- [EXERCISE GOAL]: Please give the records below again in full, exactly, with the images left out.

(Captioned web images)
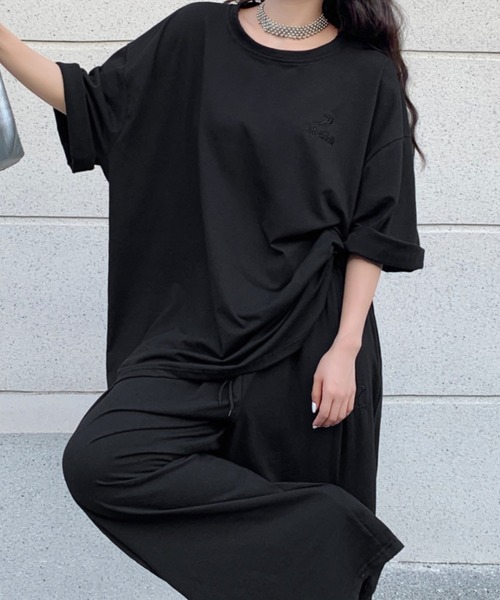SHEENA(シーナ)の「【セットアップ】ワンポイント刺繍ロゴオーバーサイズTシャツ×ゆったりイージーワイドパンツ/2点SET(セットアップ・レディース・ベージュ/ブラック/グレー・M)」の2枚目の写真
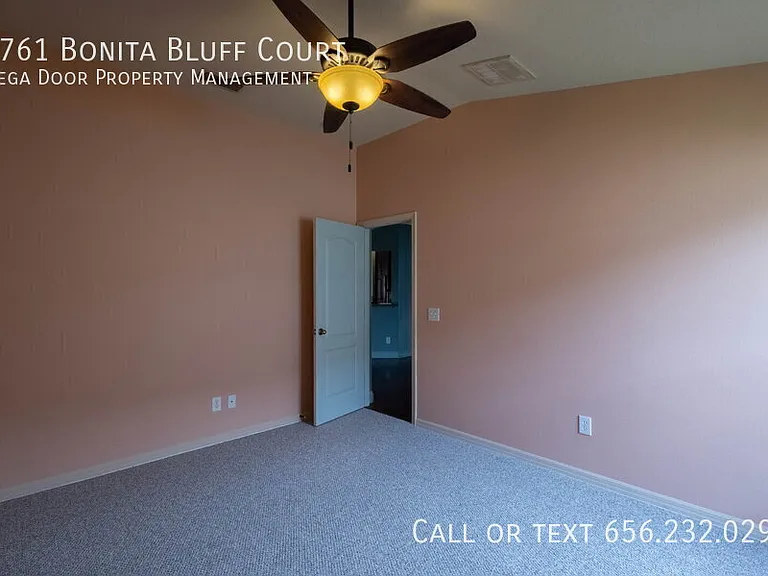 1761 Bonita Bluff Ct — Photo 26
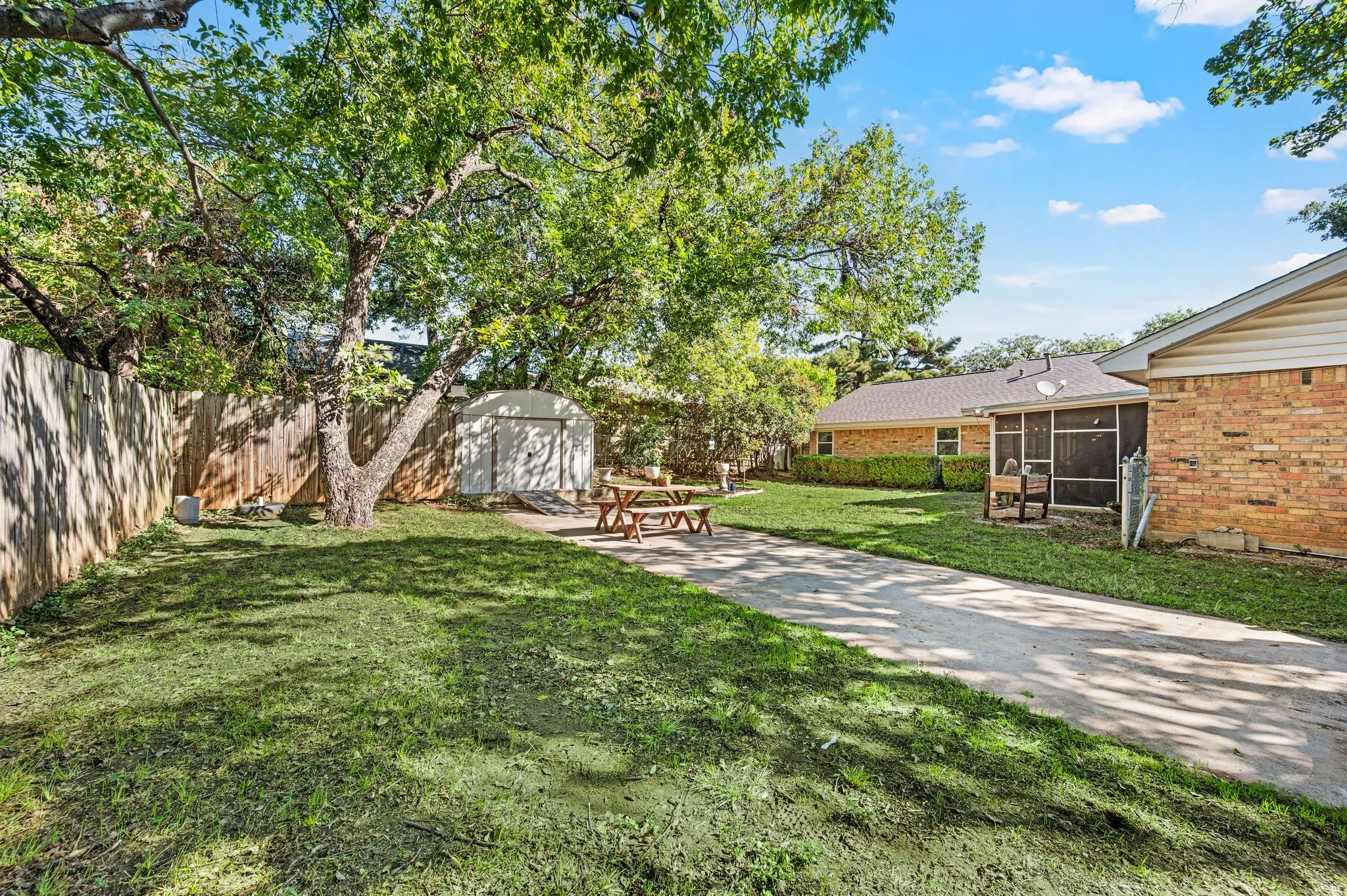 Single Family Residence For Sale in Tarrant County , 1317 Wade Drive, Bedford, Texas 76022, 4 Bedroom, 2 Bathroom, 2 Garage spaces, 2,162 Sqft, built in 1972, mls#21389347, Real Estate Agent in Bedford, Homes For Sale in Tarrant county, Homes For Sale in Bedford, Realtor in Bedford Texas, Real Estate Brokerage Independent Realty Texas, Luminita Cordes Realtor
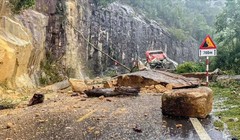 Sạt lở ở đèo Khánh Lê làm 6 người tử vong, 19 người bị thương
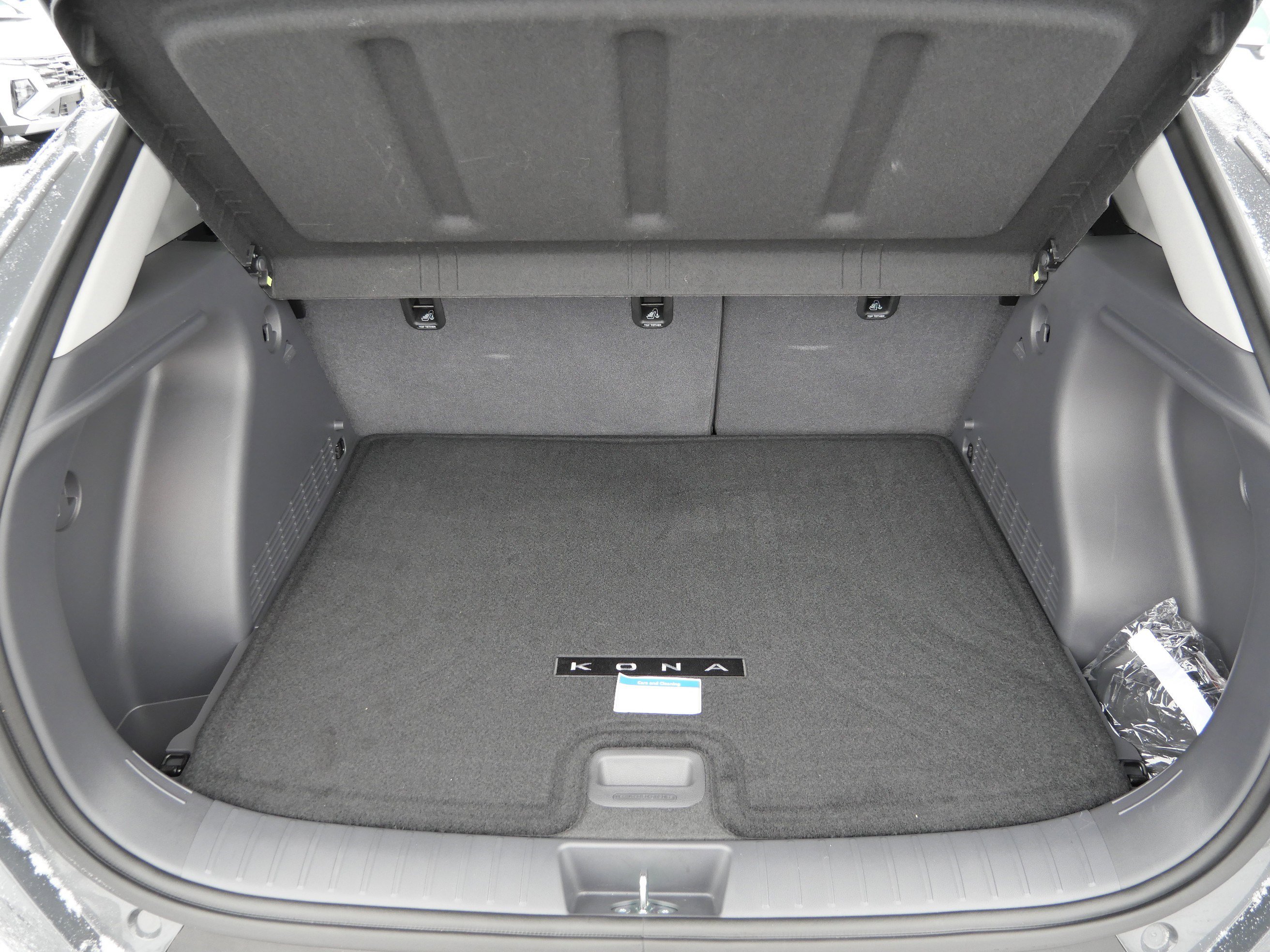 Certified 2025 Hyundai Kona SEL image 18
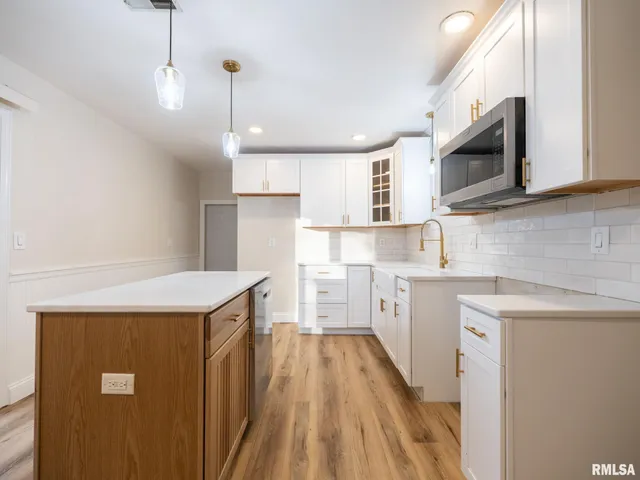 $229,900 | 4507 Greenlawn Court, Pekin, IL 61554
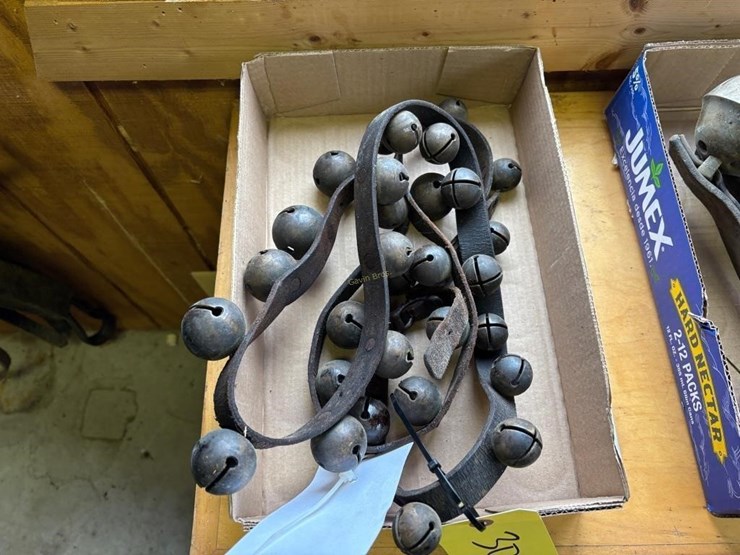 30-brass-sleigh-bells-image-1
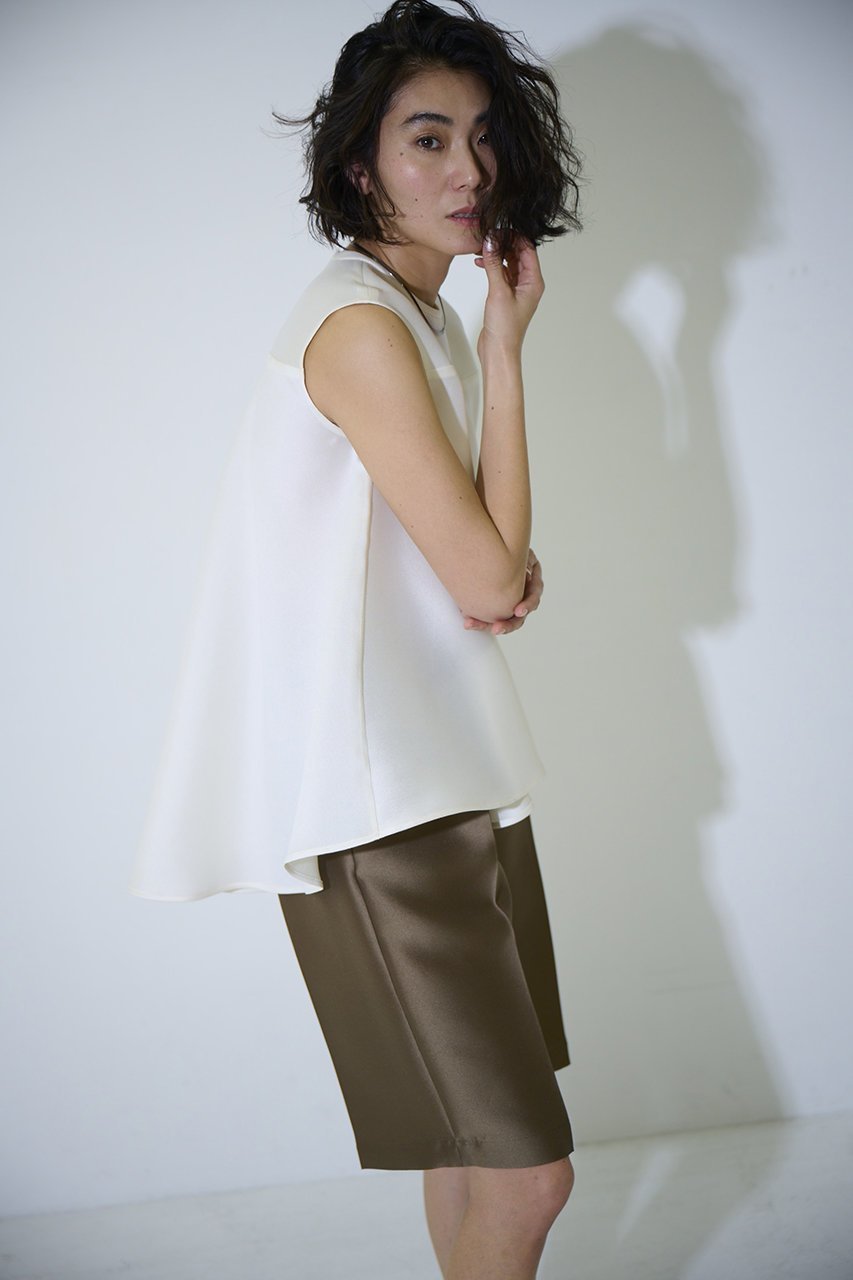 【エムフィル/M Fil】のシルキーWクロス ハーフパンツ 人気、トレンドファッション・服の通販 founy(ファニー) 　ファッション　Fashion　レディースファッション　Fashion for Women　パンツ　Pants & Trousers　ショートパンツ・ハーフパンツ　High-Waisted & Relaxed Shorts　ショート　Short, Short Length　ハーフ　Half, Half-Length　フィット　Fit, Slim Fit　ミリタリー　Military, Army Style　リラックス　Relax, Relaxed Fit　エレガント 上品　Elegant　other-8|ID: prp329100004875190 ipo3291000000036363305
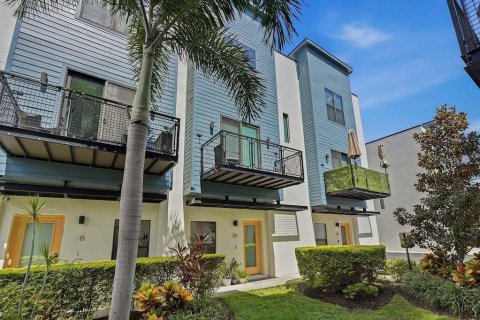 Touwnhouse à louer à Tampa, Floride: 2 chambres, 162.39 m2 № 2410455 - photo 3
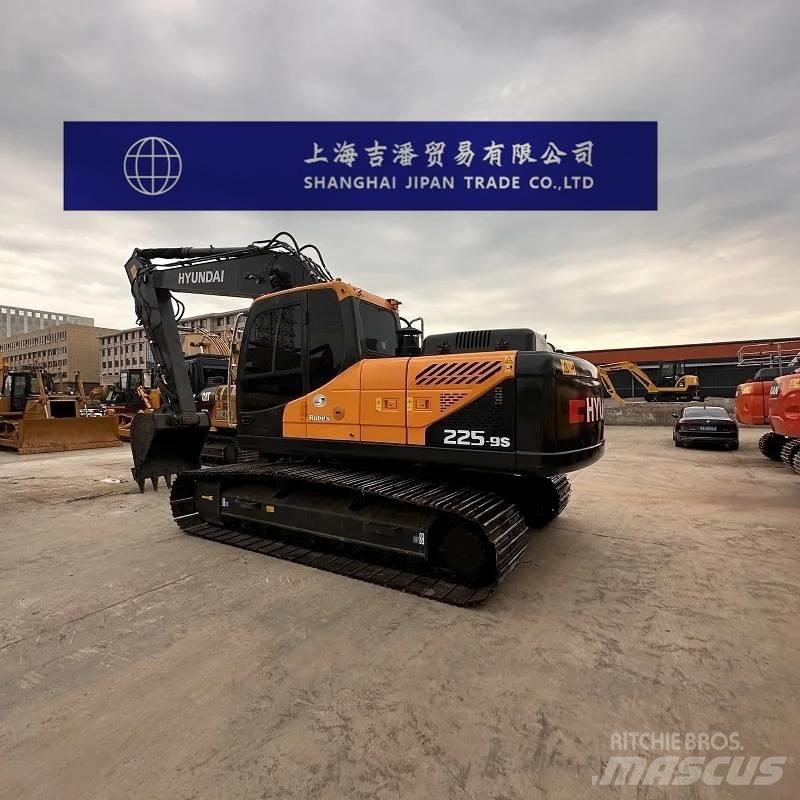 Hyundai R225 Escavadoras de rastos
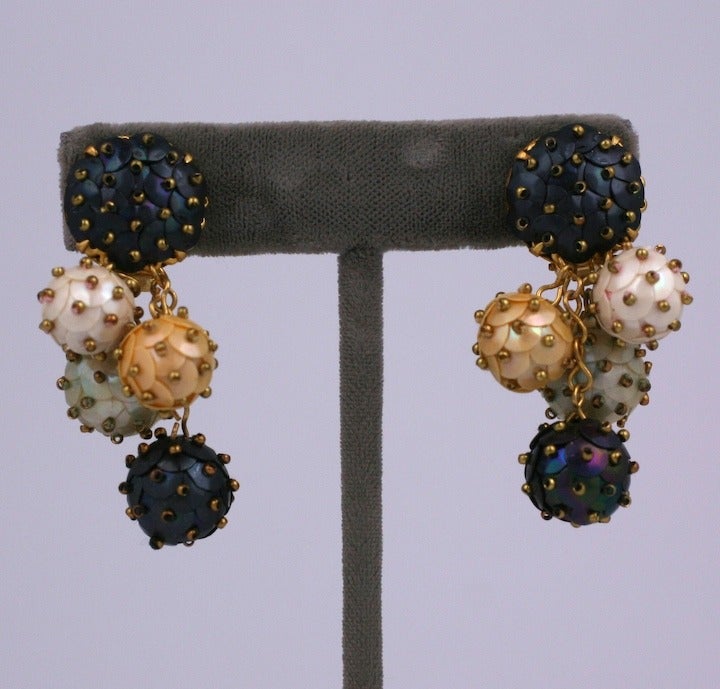 Lina Baretti, clips d'oreilles à paillettes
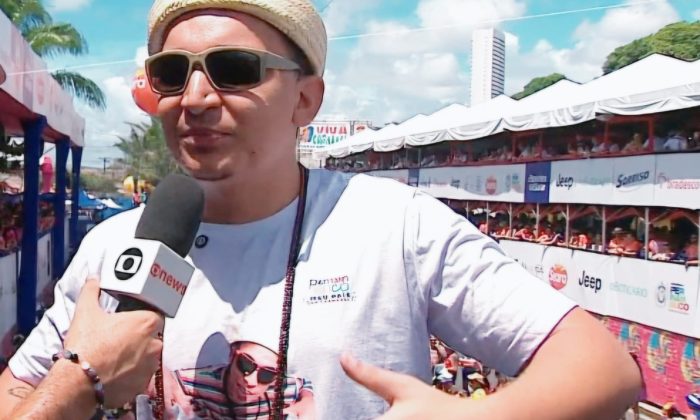 Show é neste sábado (27/12), na Praia do Pina (Imagem: João Gomes no Galo da Madrugada, em março/Reprodução)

- [ANSWER]:
SHEENA(シーナ)の「【セットアップ】ワンポイント刺繍ロゴオーバーサイズTシャツ×ゆったりイージーワイドパンツ/2点SET(セットアップ・レディース・ベージュ/ブラック/グレー・M)」の2枚目の写真
 1761 Bonita Bluff Ct — Photo 26
 Single Family Residence For Sale in Tarrant County , 1317 Wade Drive, Bedford, Texas 76022, 4 Bedroom, 2 Bathroom, 2 Garage spaces, 2,162 Sqft, built in 1972, mls#21389347, Real Estate Agent in Bedford, Homes For Sale in Tarrant county, Homes For Sale in Bedford, Realtor in Bedford Texas, Real Estate Brokerage Independent Realty Texas, Luminita Cordes Realtor
 Sạt lở ở đèo Khánh Lê làm 6 người tử vong, 19 người bị thương
 Certified 2025 Hyundai Kona SEL image 18
 $229,900 | 4507 Greenlawn Court, Pekin, IL 61554
 30-brass-sleigh-bells-image-1
 【エムフィル/M Fil】のシルキーWクロス ハーフパンツ 人気、トレンドファッション・服の通販 founy(ファニー) 　ファッション　Fashion　レディースファッション　Fashion for Women　パンツ　Pants & Trousers　ショートパンツ・ハーフパンツ　High-Waisted & Relaxed Shorts　ショート　Short, Short Length　ハーフ　Half, Half-Length　フィット　Fit, Slim Fit　ミリタリー　Military, Army Style　リラックス　Relax, Relaxed Fit　エレガント 上品　Elegant　other-8|ID: prp329100004875190 ipo3291000000036363305
 Touwnhouse à louer à Tampa, Floride: 2 chambres, 162.39 m2 № 2410455 - photo 3
 Hyundai R225 Escavadoras de rastos
 Lina Baretti, clips d'oreilles à paillettes
 Show é neste sábado (27/12), na Praia do Pina (Imagem: João Gomes no Galo da Madrugada, em março/Reprodução)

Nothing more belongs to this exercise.